Ian Campbell July 24, 2014, 4:41 p.m. UTC | #5
On Thu, 2014-07-24 at 15:48 +0100, Stefano Stabellini wrote:
> On Wed, 23 Jul 2014, Ian Campbell wrote:
> > On Wed, 2014-07-23 at 15:45 +0100, Stefano Stabellini wrote:
> > > On Thu, 17 Jul 2014, Ian Campbell wrote:
> > > > On Thu, 2014-07-10 at 19:13 +0100, Stefano Stabellini wrote:
> > > > > We need to take special care when migrating irqs that are already
> > > > > inflight from one vcpu to another. See "The effect of changes to an
> > > > > GICD_ITARGETSR", part of chapter 4.3.12 of the ARM Generic Interrupt
> > > > > Controller Architecture Specification.
> > > > > 
> > > > > The main issue from the Xen point of view is that the lr_pending and
> > > > > inflight lists are per-vcpu. The lock we take to protect them is also
> > > > > per-vcpu.
> > > > > 
> > > > > In order to avoid issues, if the irq is still lr_pending, we can
> > > > > immediately move it to the new vcpu for injection.
> > > > > 
> > > > > Otherwise if it is in a GICH_LR register, set a new flag
> > > > > GIC_IRQ_GUEST_MIGRATING, so that we can recognize when we receive an irq
> > > > > while the previous one is still inflight (given that we are only dealing
> > > > > with hardware interrupts here, it just means that its LR hasn't been
> > > > > cleared yet on the old vcpu).  If GIC_IRQ_GUEST_MIGRATING is set, we
> > > > > only set GIC_IRQ_GUEST_QUEUED and interrupt the old vcpu. To know which
> > > > > one is the old vcpu, we introduce a new field to pending_irq, called
> > > > > vcpu_migrate_from.
> > > > > When clearing the LR on the old vcpu, we take special care of injecting
> > > > > the interrupt into the new vcpu. To do that we need to release the old
> > > > > vcpu lock before taking the new vcpu lock.
> > > > 
> > > > I still think this is an awful lot of complexity and scaffolding for
> > > > something which is rare on the scale of things and which could be almost
> > > > trivially handled by requesting a maintenance interrupt for one EOI and
> > > > completing the move at that point.
> > > 
> > > Requesting a maintenance interrupt is not as simple as it looks:
> > > - ATM we don't know how to edit a living GICH_LR register, we would have
> > > to add a function for that;
> > 
> > That doesn't sound like a great hardship. Perhaps you can reuse the
> > setter function anyhow.
> > 
> > > - if we request a maintenance interrupt then we also need to EOI the
> > > physical IRQ, that is something that we don't do anymore (unless
> > > PLATFORM_QUIRK_GUEST_PIRQ_NEED_EOI but that is another matter). We would
> > > need to understand that some physical irqs need to be EOI'ed by Xen and
> > > some don't.
> > 
> > I was thinking the maintenance interrupt handler would take care of
> > this.
> 
> In that case we would have to resurrect the code to loop over the
> GICH_EISR* registers from maintenance_interrupt.
> Anything can be done, I am just pointing out that this alternative
> approach is not as cheap as it might sound.

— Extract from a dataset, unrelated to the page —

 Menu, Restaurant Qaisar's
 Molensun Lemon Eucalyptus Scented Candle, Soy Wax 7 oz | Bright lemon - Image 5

It's simple though, that's the benefit.

> > > Also requesting a maintenance interrupt would only guarantee that the
> > > vcpu is interrupted as soon as possible, but it won't save us from
> > > having to introduce GIC_IRQ_GUEST_MIGRATING.
> > 
> > I didn't expect GIC_IRQ_GUEST_MIGRATING to go away. If nothing else you
> > would need it to flag to the maintenance IRQ that it needs to EOI
> > +complete the migration.
> > 
> > >  It would only let us skip
> > > adding vcpu_migrate_from and the 5 lines of code in
> > > vgic_vcpu_inject_irq.
> > 
> > And the code in gic_update_one_lr I think, and most of
> > vgic_vcpu_inject-cpu.
> > And more than the raw lines of code the
> > *complexity* would be much lower.
> 
> I don't know about the complexity. One thing is to completely get rid of
> maintenance interrupts. Another is to get rid of them in most cases but
> not all. Having to deal both with not having them and with having them,
> increases complexity, at least in my view. It simpler to think that you
> have them all the times or never.

The way I view it is that the maintenance interrupt path is the dumb and
obvious one which is always there and can always be used and doesn't
need thinking about. Then the other optimisations are finding ways to
avoid actually using it, but can always fall back to the dumb way if
something too complex to deal with occurs.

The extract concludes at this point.